* _What you will do_:
In the records below, print each line exactly and leave every image out.

··· Task inputs

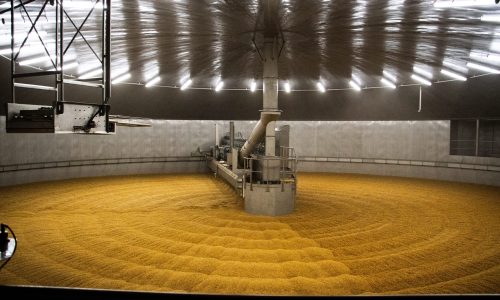 Standing the test of time and temperature at Simpsons Malt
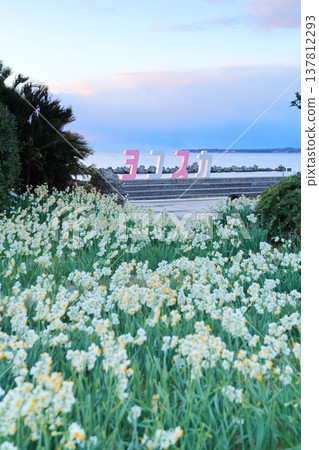 野生海岸黃水仙路 野生海岸黃水仙路 137812293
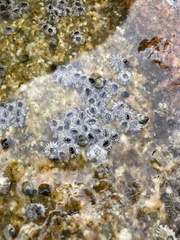 Fistulobalanus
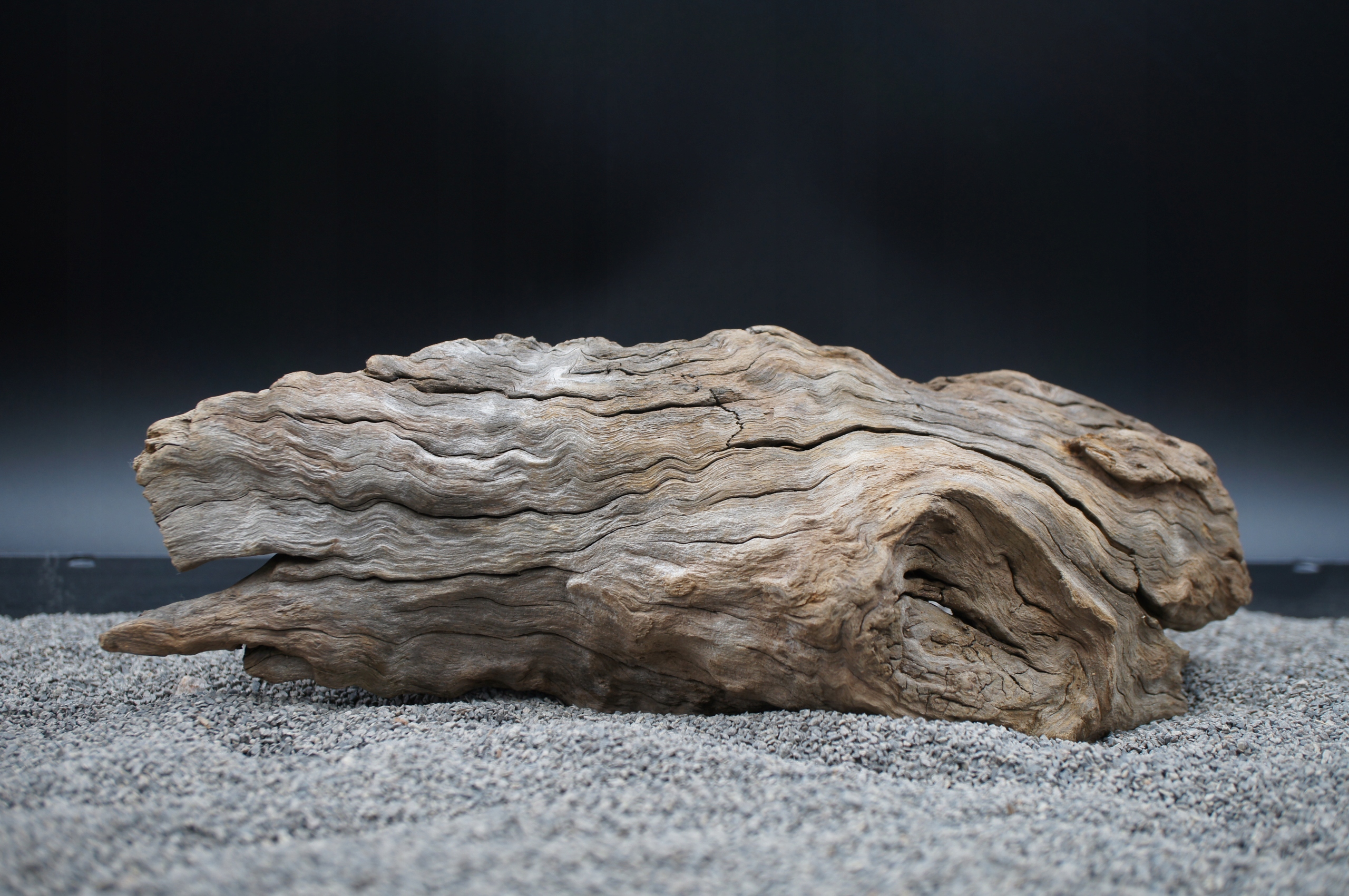 Kořen pro terarijní akvárium jagged wood 28 cm – Jako Na Obrázku (J67)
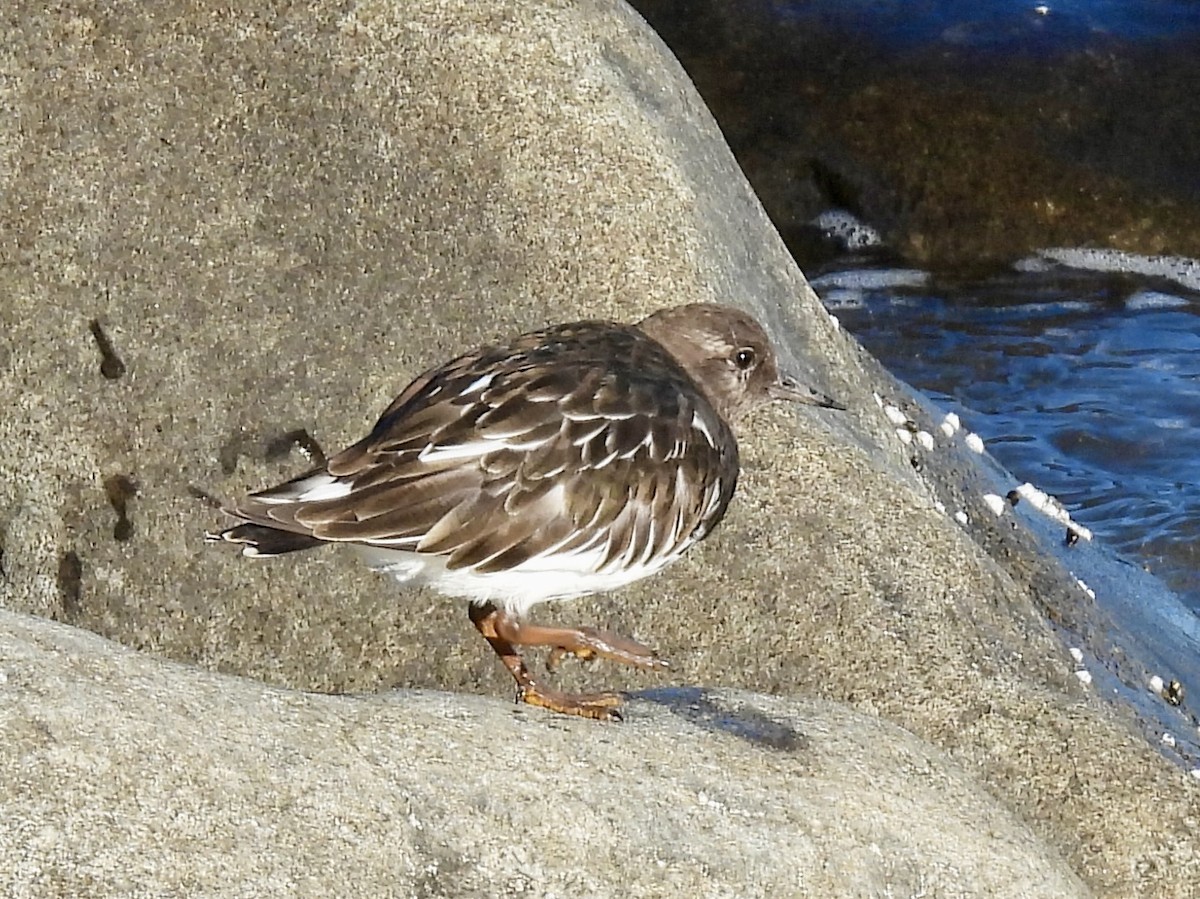 Black Turnstone - ML643291379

······

* _Answer section_:
 Standing the test of time and temperature at Simpsons Malt
 野生海岸黃水仙路 野生海岸黃水仙路 137812293
 Fistulobalanus
 Kořen pro terarijní akvárium jagged wood 28 cm – Jako Na Obrázku (J67)
 Black Turnstone - ML643291379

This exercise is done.